Start of Data section
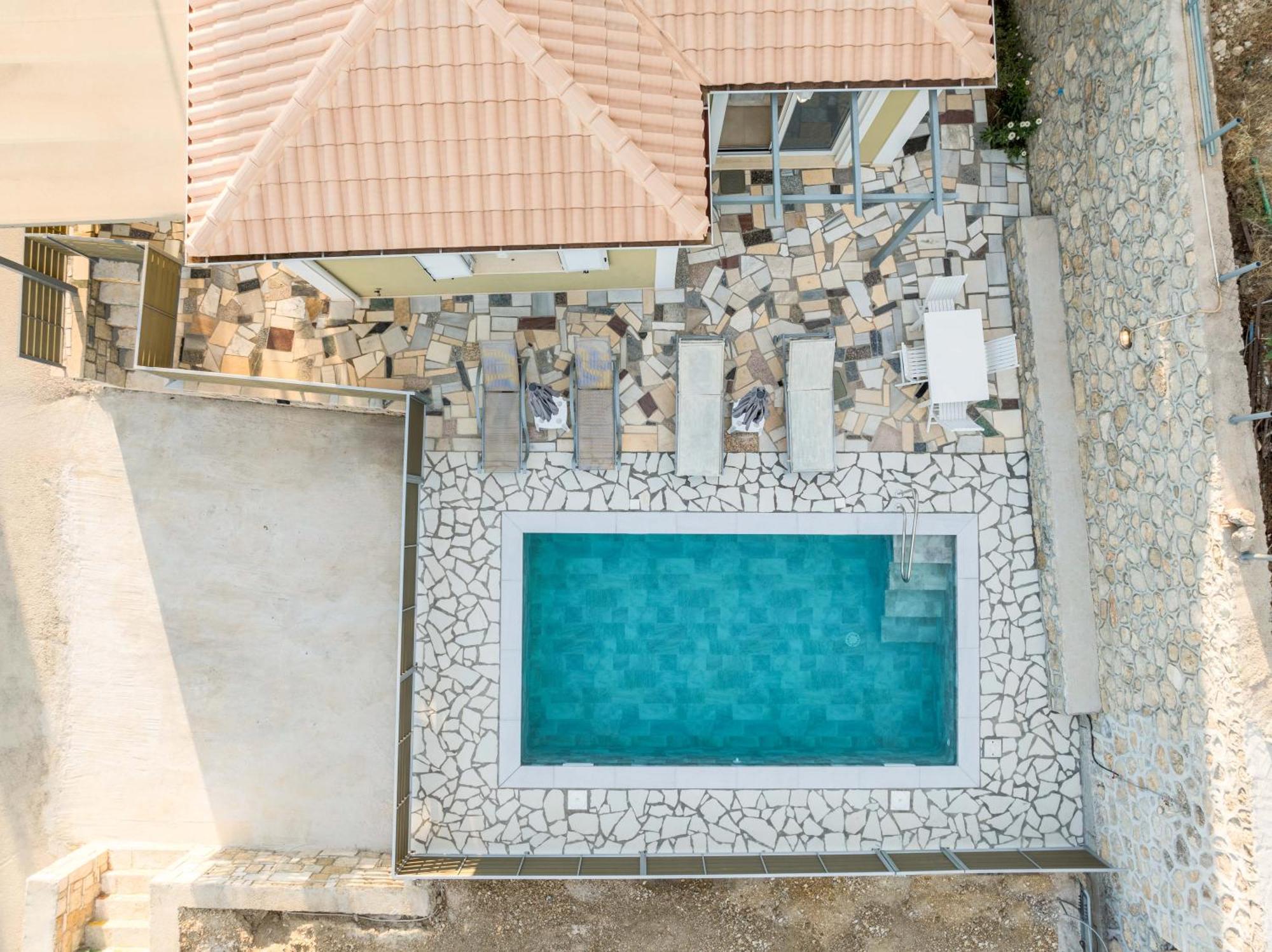 Silda Villa Atsoupades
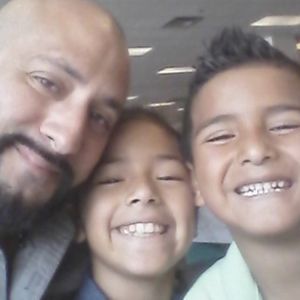 Meet your Posher, Mike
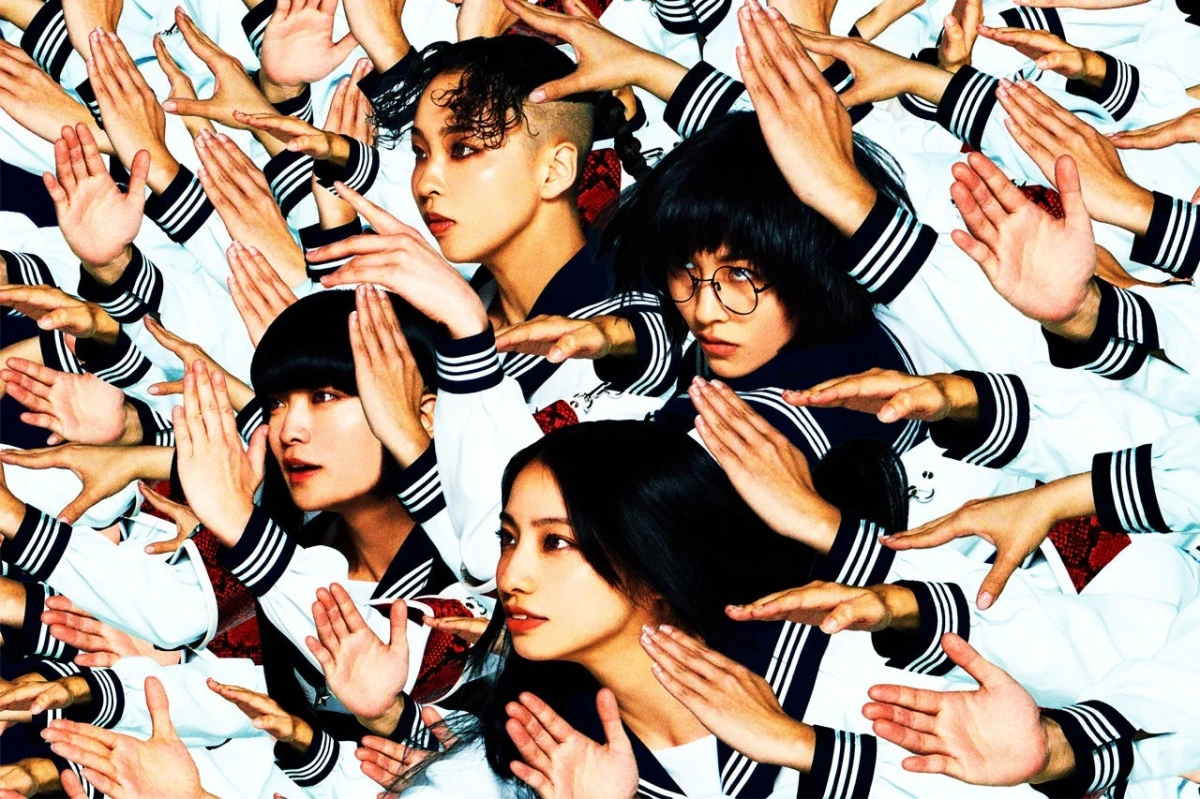 新しい学校のリーダーズ プロフィール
End of Data section
### Requirement
Set down the material above exactly. Skip any picture.

### Your response
 Silda Villa Atsoupades
 Meet your Posher, Mike
 新しい学校のリーダーズ プロフィール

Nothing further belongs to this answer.